Then it is said that the direction to pay an annuity to the widow indicates that the property is not intended to be realized and divided at the testator's death. But the annuity is to be paid out of the other three-fourths of the estate and not out of Donald's one-fourth share. With respect to Dugald's share that answer does not apply. Under these circumstances, and if there were no more in the case, it would be difficult to say what is the proper construction of the will.

But the testator two and one-half years afterwards made a codicil to his will.

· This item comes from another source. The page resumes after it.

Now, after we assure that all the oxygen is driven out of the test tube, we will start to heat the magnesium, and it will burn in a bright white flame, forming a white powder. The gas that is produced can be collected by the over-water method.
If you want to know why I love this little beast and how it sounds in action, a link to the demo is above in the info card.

By it he gave legacies of £100 each to his two married daughters and his son Dugald McKellar Jenkins, and directed that such legacies were in no way to affect their shares or interests in his residuary estate "as hereinbefore provided for in my will," using the word "hereinbefore" as if the will were a part of the document he was then writing. He further gave a legacy of £100 to his son-in-law James Stewart, and directed that all the legacies given by the codicil should be paid within six months of his decease. Then the codicil contained these words:—"And it is my will and I hereby direct that in the event of any of the said legatees predeceasing me without leaving lawful issue then the share or shares to which they would have been entitled if they had survived me or died leaving lawful issue shall go and belong and be equally divided among my surviving children or their lawful issue in equal shares, but so that no child or children of any of my said sons or daughters shall take more than his her or their parents would have taken if he or she had been living; and in all other respects I ratify and confirm my said will."

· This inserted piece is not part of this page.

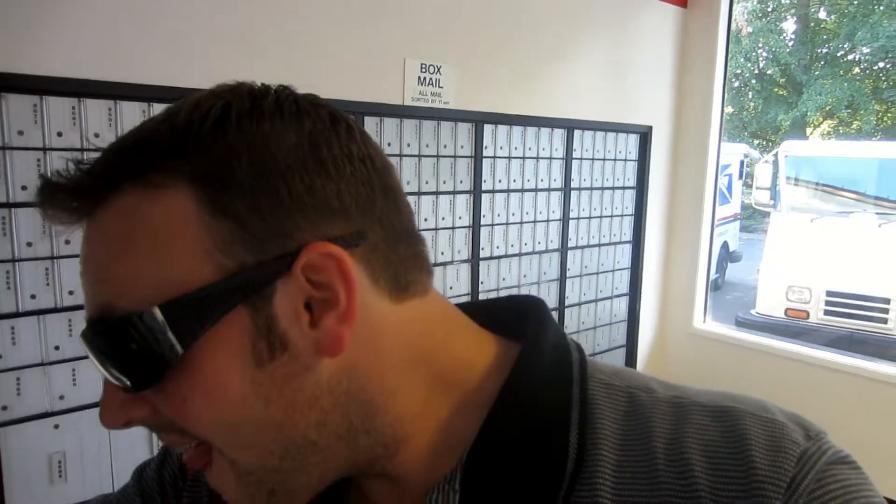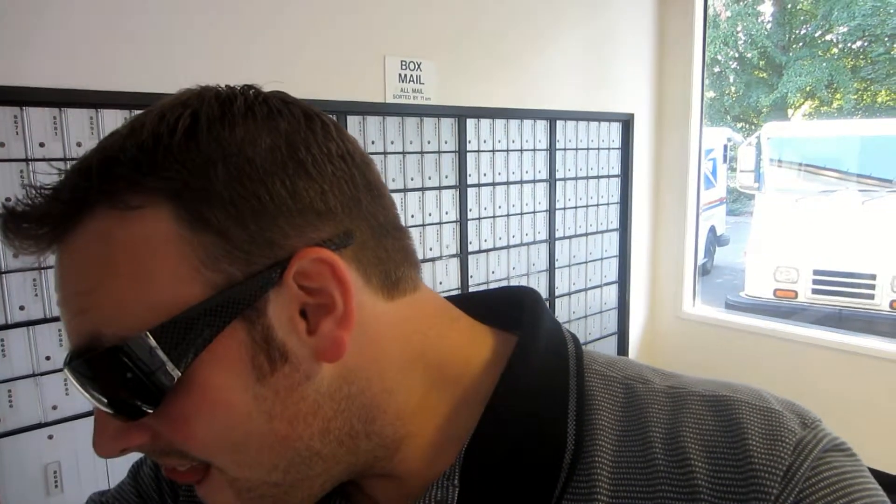Junk. This one's not mine — wrong name. Fix your addresses, people. You people need to send me packages. Send me mail, please.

In that sentence the testator refers to the gift which he had made in his will to Dugald, and speaks of his share as a share to which Dugald would have been entitled if he had survived the testator or had died leaving lawful issue, obviously meaning if he had died in the life-time of the testator leaving lawful issue. The testator therefore thought that he had left a share to Dugald upon such conditions that if he survived the testator he would take it absolutely.

If the words had been "had survived me and died leaving lawful issue," no help could have been got from the codicil. But that being the construction the testator has by his codicil placed on the gift to Dugald, we have high authority for the proposition that where a will is obscure we may have recourse to the codicil to interpret it. In the case of Darley v. Martin[4], Jervis C.J., in delivering the judgment of the Court said:—"And, as to the effect of the codicil, it was argued, that an erroneous reference in a codicil to the dispositions of the will, cannot constitute a new bequest in opposition to the will: and Skerratt v. Oakley27 T.R., 492., was relied on. But it appears to us that the argument with respect to the effect of the codicil, when rightly considered, is not that the will is at all revoked or varied by the codicil; but, rather, that the will and codicil being all one testament, the language of the will may be interpreted by that of the codicil; and that, accordingly, the gift over in the will, in default of such issue, being capable of importing a bequest over on failure of issue living at the death, it ought to be inferred that the testator employed it in that sense, because, in the codicil, he refers to it as if it were a gift over in default of his daughter's leaving no issue, which, as regards personalty, is tantamount to a gift on failure of issue living at her death." That case was followed in Grover v. Raper[6] and In re Venn[7].

Therefore we think we may have recourse to the codicil to clear up the obscurity in this will. There clearly is an obscurity since the words are, having regard to the context, capable of two constructions. Doing so, we find that what the testator intended as to Dugald was that, if he survived the testator or died during the testator's lifetime leaving lawful issue, his share should be vested. Finding that that was his intention as to Dugald, how is it possible to say that, when the testator used the same words with regard to Donald, he intended something different?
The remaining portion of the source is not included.